In footnote 7 the majority opinion rejects the application of those regulations to § 1631(b), stating that to apply them would “abrogate the limits of [that section] that Congress intended to apply to underpayments. Instead, underpayments would essentially be subject to the same rule as are regular payments under § 1631(a)(2).”
If full force is to be given to the literal distinction between §§ 1631(a) and (b), on which the majority relies, the result would be that while regular payments can be made to a representative payee, adjustments for underpayments never can. I can see little sense in such a distinction. But more: As I understand the practices of the Secretary and his interpretations of the regulation, the emphasis has not been on the difference between regular payments and underpayments. Rather, it has been on whether the recipient is living or dead. The Appeals Council in this case relied on this living/dead distinction as quoted by the government in its brief. “[I]t is evident from § 416.601(a) that payment through a representative payee is contemplated only where the eligible individual is living.” The cited regulation does not expressly impose this condition. But in any event it would appear that the Secretary quite sensibly does not hesitate to adjust for an underpayment by paying a representative if the recipient is alive.
The legislative history as quoted in the majority opinion explicitly provides only that underpayments are not to be made to the estate of a deceased recipient. This makes sense to me, since otherwise general creditors could reach the payment.
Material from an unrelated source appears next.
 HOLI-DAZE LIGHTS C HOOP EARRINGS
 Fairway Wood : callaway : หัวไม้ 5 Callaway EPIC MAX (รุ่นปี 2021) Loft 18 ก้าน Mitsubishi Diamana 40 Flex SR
However, nothing in the quoted legislative histo
The question, then, as I perceive it, is not whether the statutory distinction between underpayment and regular payment must be respected literally. (The Secretary himself apparently does not respect it.) The question is whether (assuming that payment is not made to the estate of a deceased recipient) the distinction between living and dead recipients (not required by the statute, or even explicitly by the regulations), can be said to satisfy the general congressional policy underlying the Act. I would say no.